Material for this task:
====
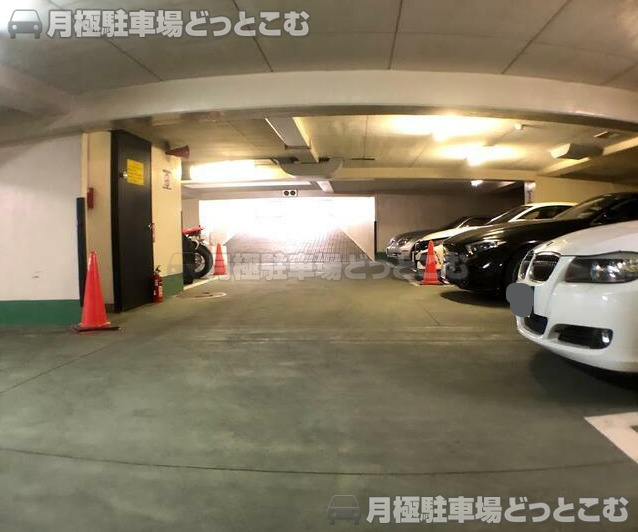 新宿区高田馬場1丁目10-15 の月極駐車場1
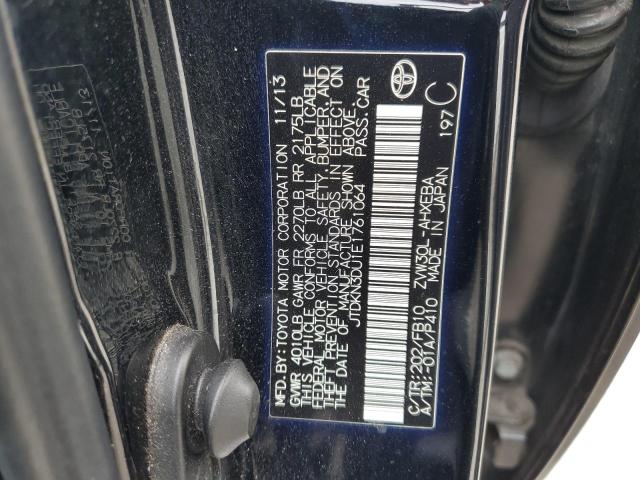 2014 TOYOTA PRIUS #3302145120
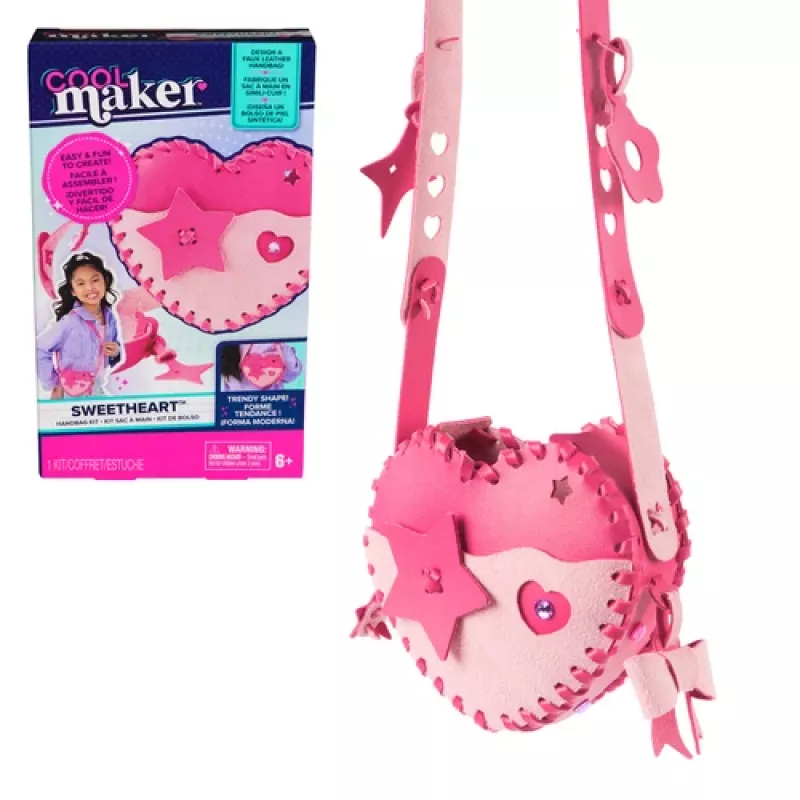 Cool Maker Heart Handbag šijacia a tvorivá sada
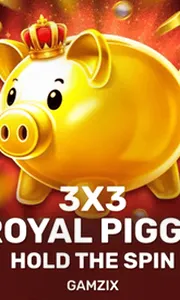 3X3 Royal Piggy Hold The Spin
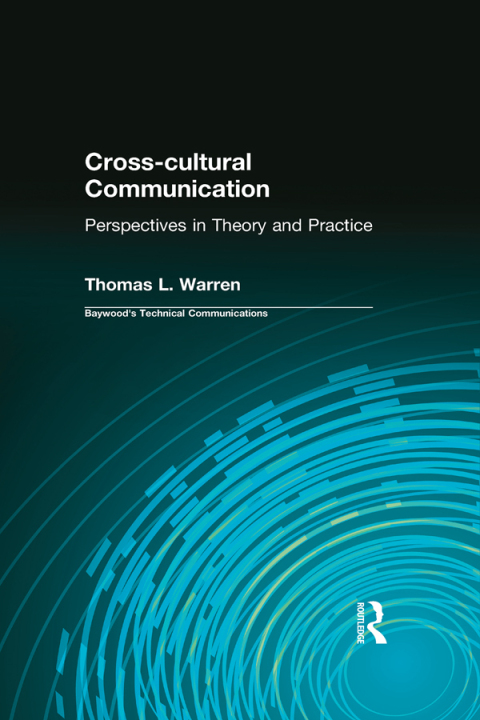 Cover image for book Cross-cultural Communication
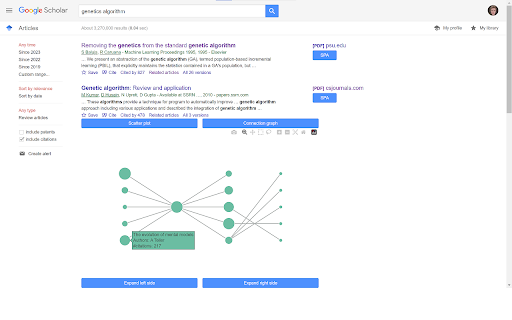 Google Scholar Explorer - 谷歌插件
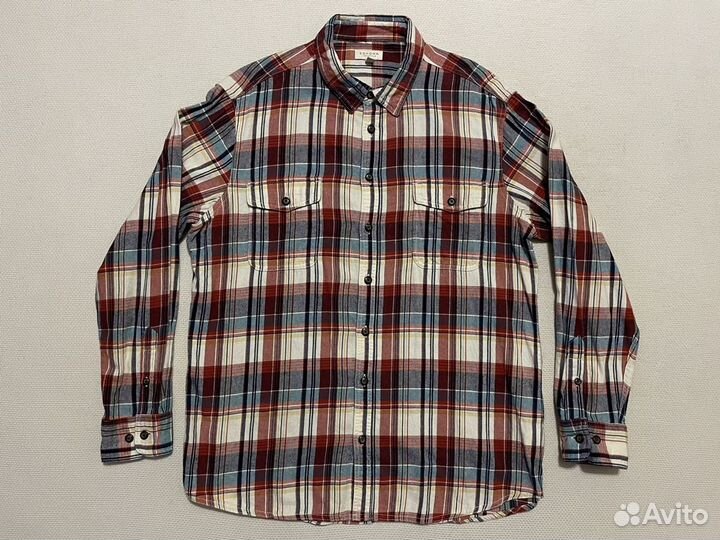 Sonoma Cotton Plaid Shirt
====
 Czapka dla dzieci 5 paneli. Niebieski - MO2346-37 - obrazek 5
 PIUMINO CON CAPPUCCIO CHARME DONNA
====
Assignment: Which part of the entries opens with the line containing "新宿区高田馬場1丁目10-15 の月極駐車場1" and closes with the line containing "Sonoma Cotton Plaid Shirt"? Output that part exactly, ends included, pictures excluded.

Exercise output:
 新宿区高田馬場1丁目10-15 の月極駐車場1
 2014 TOYOTA PRIUS #3302145120
 Cool Maker Heart Handbag šijacia a tvorivá sada
 3X3 Royal Piggy Hold The Spin
 Cover image for book Cross-cultural Communication
 Google Scholar Explorer - 谷歌插件
 Sonoma Cotton Plaid Shirt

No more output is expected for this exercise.